Buuuut the implicit claim is that not being around diversity is somehow bad for you.


I think the claim is actually this: not being around sufficient levels of diversity is somehow bad for you.


Where are the "all" hispanic outreach programs in tech?


I think the appropriate dig is "where are the Hispanics in tech" and "where are the Hispanics in tech building explicit bridges to their communities." HBCUs are the result of affluent blacks fighting for land grants at the turn of the 20th century since many states refused to grant land for the formation of integrated colleges and universities. This program, love it or hate it, is 100+ years in the making.



Fair to mention that Howard U does not discriminate on race in admissions.


China may not be ethnically diverse but certainly it is culturally -- so I don't get the hypothetical born in China example.


No, it isn't.

Sure, in some parts of the country, it is.

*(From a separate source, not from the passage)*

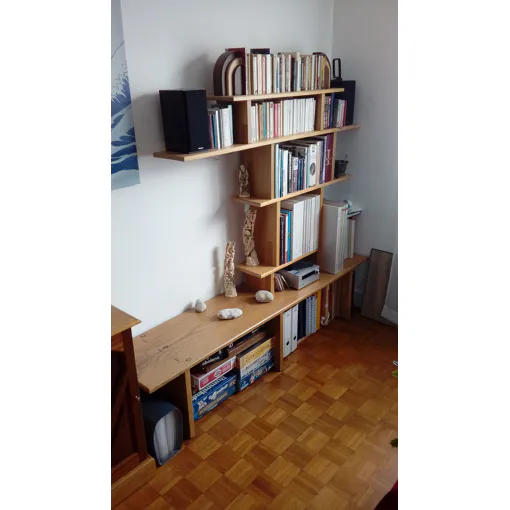 Grande bibliothèque design en chêne et orme massif ¿ démontable Bon état - 370,00 € Grande bibliothèque design en chêne et orme massif ¿ démontable Bon état reconditionné disponible sur Rakuten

But in other parts of the country, it isn't.

It's part of the DNA basically if you only look at big cities on the coasts.


big cities on the coasts, and the Southwest, and the Southeast, so, everywhere except the Plains states

Also, Palo Alto is a big city on the coast.


It's more telling than you might realize that you took their complaint to mean "I'm upset I'm around so many white people" and not "I'm upset a part of the population isn't included in my area / culture". It certainly makes the rest of your comments less surprising.


Eh, considering that much of the social pressure of Chinese society presumably stem from a lack of cultural diversity, I would very much be bothered never seeing anyone outside my ethnic group if I'd grown up in China. I'd probably want to move anywhere else just for that fact.